**EXERCISE**
Below are the records; they must be reproduced verbatim.

BEGIN WORKING DATA

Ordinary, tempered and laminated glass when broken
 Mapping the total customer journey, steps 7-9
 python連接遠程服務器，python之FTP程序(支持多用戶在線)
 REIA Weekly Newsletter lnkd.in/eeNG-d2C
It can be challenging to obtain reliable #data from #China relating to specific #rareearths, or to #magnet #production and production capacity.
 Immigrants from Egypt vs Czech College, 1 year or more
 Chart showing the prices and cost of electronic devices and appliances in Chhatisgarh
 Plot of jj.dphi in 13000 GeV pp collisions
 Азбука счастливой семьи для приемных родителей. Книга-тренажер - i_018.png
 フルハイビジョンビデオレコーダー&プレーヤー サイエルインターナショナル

END WORKING DATA

**TASK OUTPUT**
Ordinary, tempered and laminated glass when broken
 Mapping the total customer journey, steps 7-9
 python連接遠程服務器，python之FTP程序(支持多用戶在線)
 REIA Weekly Newsletter lnkd.in/eeNG-d2C
It can be challenging to obtain reliable #data from #China relating to specific #rareearths, or to #magnet #production and production capacity.
 Immigrants from Egypt vs Czech College, 1 year or more
 Chart showing the prices and cost of electronic devices and appliances in Chhatisgarh
 Plot of jj.dphi in 13000 GeV pp collisions
 Азбука счастливой семьи для приемных родителей. Книга-тренажер - i_018.png
 フルハイビジョンビデオレコーダー&プレーヤー サイエルインターナショナル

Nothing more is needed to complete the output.